Ook staatssecretaris Van der Knaap van Defensie uitte kritische woorden richting het OM. Bij de terugkeer van de mariniers uit Irak in maart van dit jaar sprak hij op hun thuisbasis in Doorn over „de spreekwoordelijke stuurlui” aan wal. „Opvallend is dat velen die zich in de discussie mengden nog nooit hadden gehoord van een geweldsinstructie, laat staan dat ze wisten wat daar in staat.”
Voor het proces in Arnhem zijn drie dagen uitgetrokken. Eric O. wordt bijgestaan door mr. G. J. Knoops. Hij is bekend als advocaat in geruchtmakende zaken. Zo wist hij na een uitputtende herziening de twee van Putten vrij te pleiten van de moord op een stewardess.

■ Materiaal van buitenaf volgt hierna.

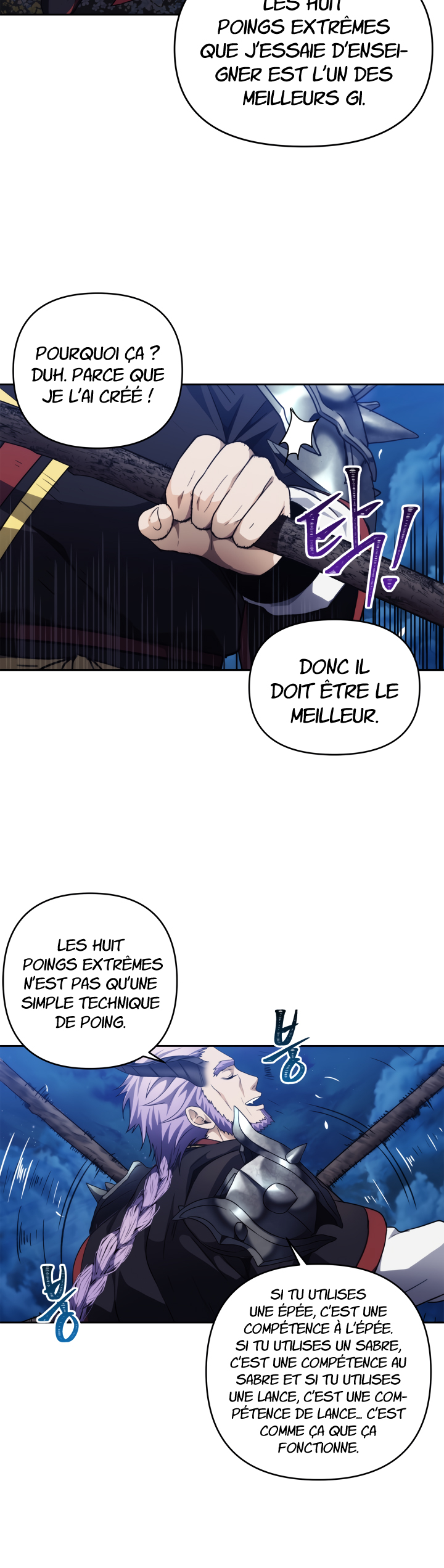 Read Second Life Ranker FR Manga Online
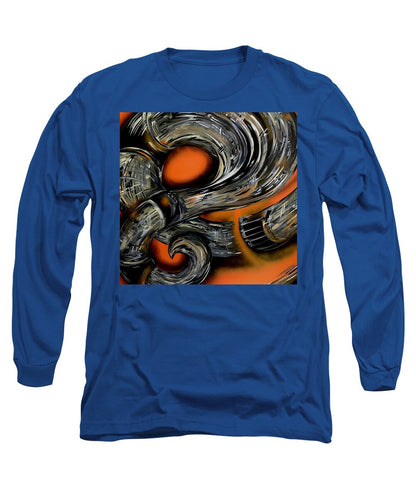 Contrast Tube - Long Sleeve T-Shirt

Knoops kent de militaire wereld: hij is reserveofficier bij het Korps Mariniers. Bij de wisseling van het commando van het korps zat hij begin deze maand in Rotterdam als eregast op de tribune. Ook is Knoops betrokken bij het schrijven van geweldsinstructies voor internationale troepen. Dat is precies de kwestie waar het in de zaak O. om draait.
De verdachte marinier ontving voor zijn inzet in Zuid-Irak de Herinneringsmedaille Vredesoperaties. Zijn toenmalig commandant, luitenant-kolonel Oppelaar, prees O. als „voorbeeldig beroepsmilitair” en „uitmuntend vakman.” Mocht O. door de militaire kamer van de Arnhemse rechtbank worden veroordeeld, dan moet hij de medaille weer inleveren.